In the last decade, “microservices” architectures have come into fashion for a variety of reasons.
Like “Agile”, this term has taken on many meanings and interpretations over the years and — in many cases — has come to represent even not-so-micro-services. Whether true microservices like single-purpose serverless functions or “macroservices” where logical parts of the system are broken out into different codebases deployed as separate services connected by remote API calls, I have never been a fan of such architectures because of the inherent complexities and unnecessary developer experience friction that accompanies such design choices.
It is not to say that there are no use cases for such architectures (see the addendum), but that the paradigm itself is often inappropriately overused and adds cost to every action, hindering teams more than helping.
This is especially true for startups where microservices can add too much complexity too early — whether it’s development complexity, deployment complexity, or operational complexity — but holds just as true for enterprise teams seeking to move fast.
In more recent years, there has been a backlash against this movement.
In his essay Complexity is killing software developers, Scott Carey writes:
The shift from building applications in a monolithic architecture hosted on a server you could go and touch, to breaking them down into multiple microservices, packaged up into containers, orchestrated with Kubernetes, and hosted in a distributed cloud environment, marks a clear jump in the level of complexity of our software.
“There is a clear increase in complexity when you move to such a pervasive microservices environment,” said Amazon CTO Werner Vogels during the AWS Summit in 2019. “Was it easier in the days when everything was in a monolith? Yes, for some parts definitely.”
Carey makes the case that such complexity is “accidental” as opposed to “necessary” to the domain and as such can sap the focus of the team from solving the core business problems.
Jason Warner, former CTO of GitHub, wrote in tweet in 2022:
Jason Warner
@jasoncwarner
I'm convinced that one of the biggest architectural mistakes of the past decade was going full microservice
On a spectrum of monolith to microservices, I suggest the following:
Monolith > apps > services > microservices
So, some thoughts
8:45 PM · Nov 14, 2022
I’m convinced that one of the biggest architectural mistakes of the past decade was going full microservice
On a spectrum of monolith to microservices, I suggest the following:
Monolith > apps > services > microservices
Last year, a team from Google published a new paper titled Towards Modern Development of Cloud Applications that throws more fuel on the (dumpster) fire of microservices architectures:
When writing a distributed application, conventional wisdom says to split your application into separate services that can be rolled out independently.

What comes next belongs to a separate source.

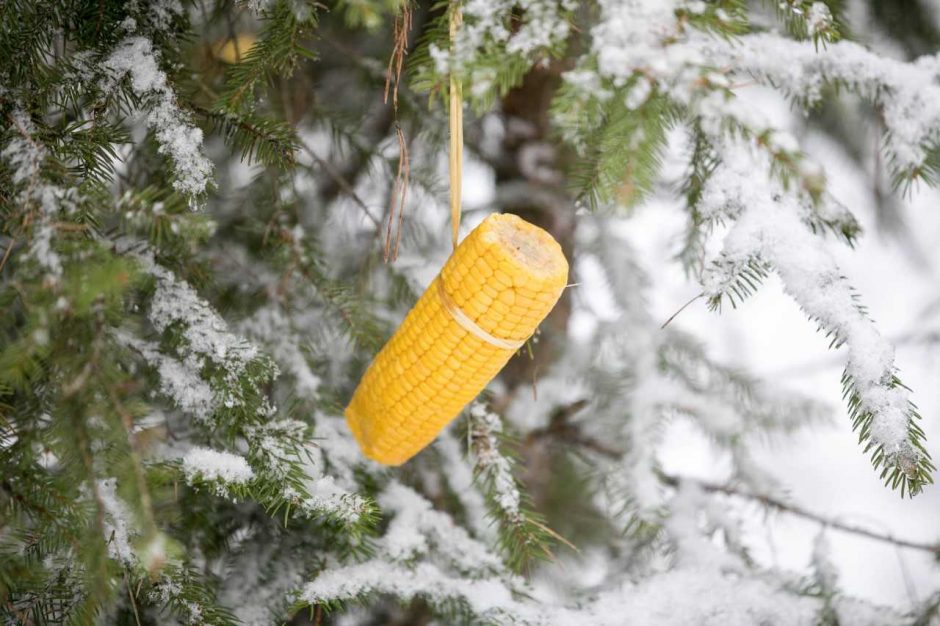 Lietuvos miškuose viena po kitos ėmė dygti šventinės eglutės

This approach is well-intentioned, but a microservices-based architecture like this often backfires, introducing challenges that counteract the benefits the architecture tries to achieve. Fundamentally, this is because microservices conflate logical boundaries (how code is written) with physical boundaries (how code is deployed).
Indeed, this is a very fundamental flaw in thinking with respect to microservices and their place in systems architecture.
The authors of the Google paper offer 5 reasons why such thinking can end up hindering teams:
It hurts performance. The overhead of serializing data and sending it across the network is increasingly becoming a bottleneck
It hurts correctness. It is extremely challenging to reason about the interactions between every deployed version of every microservice.
It is hard to manage. Rather than having a single binary to build, test, and deploy, developers have to manage 𝑛 different binaries, each on their own release schedule.
It freezes APIs. Once a microservice establishes an API, it becomes hard to change without breaking the other services that consume the API.
It slows down application development. When making changes that affect multiple microservices, developers cannot implement and deploy the changes atomically.
These reasons are particularly important to consider in the context of a startup as the small team sizes and importance of speed of iteration and deployment negate many of the reasons why a microservices approach might be better (for example, team boundaries that define procedural boundaries).
For startups and enterprise teams alike, understanding how to build “modular monoliths” (“MoMo”) can help increase velocity and reduce the drag caused by the friction of microservices.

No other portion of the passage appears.